William Robert Quimby (September 30, 1936 – June 20, 2018) was an American author, columnist, editor and publisher who specialized in subjects related to big game hunting for more than four decades.

==Biography==
William Robert Quimby was born on 30 September 1936 in Tucson, Arizona as the first child of Isaac William Quimby and Helen Dixon Quimby. Quimby attended public schools in Yuma, Arizona, and obtained a degree in Marketing from the University of Arizona. He worked in the advertising and public relations fields for eleven years before pursuing a second career in journalism and publishing. He was married to Jean Potts until his death, with whom he had a daughter, Stephanie, and two grandchildren Natalie and Logan.

Bill and Jean Quimby divided their year between their home in Tucson and a cabin near the New Mexico border in eastern Arizona's high country.

==Writing career==
After closing the Arizona Outdoor News, the monthly hunting and fishing newspaper he founded four years earlier, Quimby joined the Tucson Daily Citizen (a Gannett Company newspaper) as its outdoor editor in 1967. The hundreds of feature articles and nearly 3,000 twice-weekly columns he wrote over the next 27 years for the Citizen, as well as his articles in Safari magazine and various hunting and shooting magazines, made him one of the southwest's best-known outdoor writers. His series on overgrazing by cattle in Arizona's Kofa and Cabeza Prieta National Wildlife Refuges resulted in his being named Arizona Conservation Communicator of the Year by then-Governor Jack Williams in 1973. Other award-winning investigative series included his exposés of the increasing loss of access to Arizona's public lands and the looting of ancient southwestern Indian burial sites by commercial pothunters. He retired from the Citizen in 1994. The Citizen, Arizona's oldest newspaper at the time, ceased publication in 2009.

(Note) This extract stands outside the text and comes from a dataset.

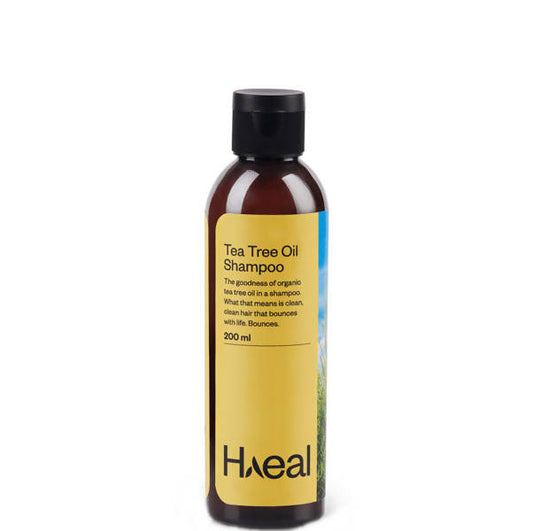 Haeal Tea Tree Oil Shampoo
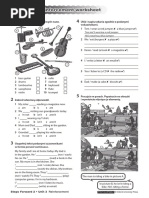 Unit 3 Reinforcement and Extension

Beginning in 1983, Quimby was also director of publications for Safari Club International (SCI), a worldwide organization of big game hunters with headquarters in Tucson. With a staff of editors and artists, he edited and published Safari magazine and the SCI Record Books of Trophy Animals, and conceived and launched Safari Times and Safari Times Africa newspapers. For three years after he retired in 1999, Bill and Jean Quimby co-edited “Safari Cub,” a bimonthly magazine for the club's young members. He moderated SCI's longest-running seminar, “Your First African Safari,” at the club's annual conventions in Nevada from 1989 to 2012.

Quimby successfully hunted more than 60 types of big game animals in twelve countries on six continents, including all ten species indigenous to Arizona. He edited, wrote or co-authored more than two dozen published books (including the memoirs he ghostwrote in 2007 and 2011 for two well-known international hunters).

==Writings and editings==
- McElroy Hunts Asia, by C.J. McElroy, Bill Quimby editor, Sincere Press (1989) No ISBN
- McElroy Hunts Dangerous Game, by C.J. McElroy, Bill Quimby editor, Trophy Room Books (2000) ISBN 1-882458-28-1
- McElroy Hunts Mountain Game, by C.J. McElroy, Bill Quimby editor, Trophy Room Books (2001) ISBN 1-882458-29-X
- McElroy Hunts The Antelope Of Africa and Antlered Game, by C.J. McElroy, Bill Quimby editor, Trophy Room Books (2002) ISBN 1-882458-33-8
- Yoshi, The Life And Travels Of An International Big Game Hunter, by Watson Yoshimoto with Bill Quimby, Safari Press (2003) ISBN 1-57157-175-2
- The Heck With It I’m Going Hunting, by Arnold Alward with Bill Quimby, Safari Press (2003)ISBN 1-57157-176-0
- Royal Quest, The Hunting Saga Of H.I.H. Prince Abdorreza Of Iran, by Bill Quimby, Safari Press (2004) ISBN 1-57157-187-6
- Wind In My Face, The Shikars And Safaris Of A Cazador de Mexico, by Hubert Thummler with Bill Quimby, Safari Press (2006) ISBN 1-57157-234-1
- Memories from Greer, Tales Told Of a Unique Arizona Village, Bill Quimby and Nadine Stanley editors, Greer Library Friends (2007).
- Around The World and Then Some, by David Hanlin with Bill Quimby, Safari Press (2009) ISBN 1-57157-341-0
- Sixty Years A Hunter, by Bill Quimby, Safari Press, (2010) ISBN 1-57157-340-2
- Divine Assistance, The Best And The Last Of The Golden Age of International Big Game Hunting", by Jimmie Rosenbruch with Bill Quimby and David Cabela. Safari Press (2014)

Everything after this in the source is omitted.